O Instituto Português do Mar e da Atmosfera (IPMA) prevê um aumento acentuado das temperaturas já a partir desta quinta-feira, dia 22 de junho. Este fenómeno é justificado pela “imposição de uma crista anticiclónica entre o Golfo da Biscaia e o arquipélago da Madeira”, que “dará origem a uma circulação que trará em altitude uma massa de ar com origem no Norte de África, favorável a uma situação meteorológica de tempo quente, seco e estável”.

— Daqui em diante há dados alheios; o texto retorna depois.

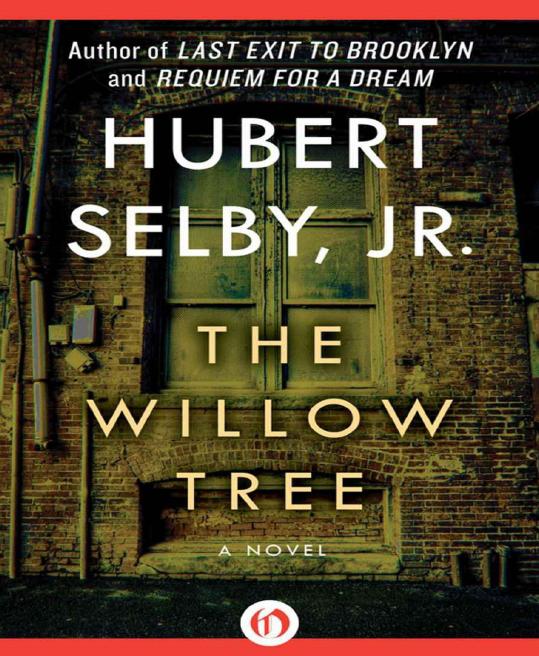 The Willow Tree: A Novel by Hubert Selby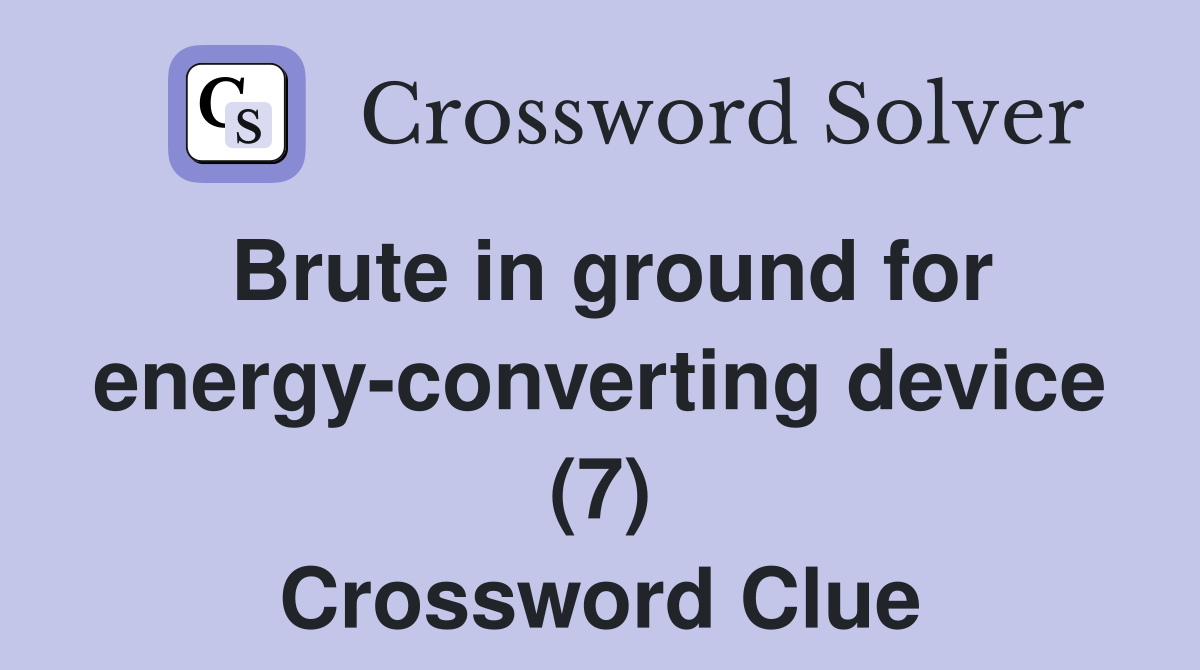 Brute in ground for energy-converting device (7) Crossword Clue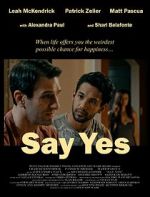 Watch Say Yes 2KMovies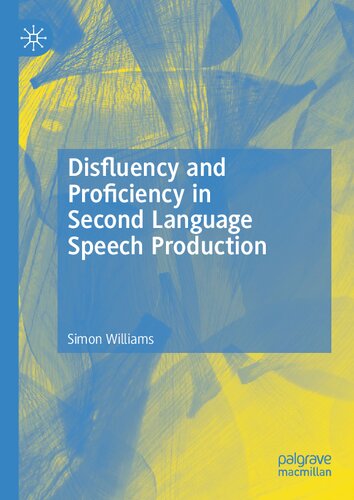 Disfluency And Proficiency In Second Language Speech Production 1st Edition Simon Williams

O IPMA refere que a subida generalizada dos valores da temperatura se fará sentir especialmente nas temperaturas máximas. De acordo com este instituto, são de esperar valores acima de 30°C na generalidade do território, com exceção de alguns locais na faixa costeira ocidental, e valores entre os 35 e 40°C no interior, em especial na região Sul onde deverão ser ultrapassados os 40°C.
Ainda que de forma menos expressiva, a temperatura mínima também irá aumentar. São expectáveis noites tropicais, com temperaturas mínimas acima de 20°C, em vários locais do Centro e Sul. Na região do Sotavento Algarvio, as mínimas poderão, inclusive, aproximar-se dos 25°C.
O IPMA irá acionar avisos de tempo quente na região sul, com as temperaturas máximas a registar uma subida generalizada de 4 a 7°C. Os avisos deverão ser estendidos a outras zonas do país, sendo possível que apenas o litoral da zona Norte e a costa da zona Centro escapem à advertência. No final do mês de junho poderá ocorrer uma onda de calor.
Associadas a valores baixos da humidade relativa do ar, estas condições meteorológicas traduzir-se-ão num aumento significativo do Perigo de Incêndio Rural (PIR). O IPMA alerta que inúmeros concelhos do interior Norte e Centro, e da região Sul, serão classificados com valores de PIR máximo ou muito elevado, o que terá “implicações na restrição ao uso do fogo e das atividades permitidas em meio rural”.
É ainda de assinalar que o índice de radiação ultravioleta irá atingir valores muito elevados.
Em declarações ao jornal Público, o responsável pela área técnica de previsão meteorológica do IPMA, assinala que “esta onda de calor não tem nada de anormal”.
“Se olharmos para o boletim de 2022, veremos que houve uma onda de calor em Junho, mais cedo do que agora, e que ultrapassámos os 40 graus Celsius. Este ano, estamos à espera de, nalguns sítios, chegar aos 42 e possivelmente até aos 43 graus. É uma onda um pouco mais forte, mas não é excecional como foi a de Julho de 2022 – essa, sim, foi excecional. Não estamos à espera de que sejam batidos recordes de temperatura”, refere Nuno Lopes.
De qualquer forma, o meteorologista alerta que “vamos entrar num período de tempo quente, que não tem propriamente fim à vista, com especial incidência da zona do vale do Tejo para Sul”.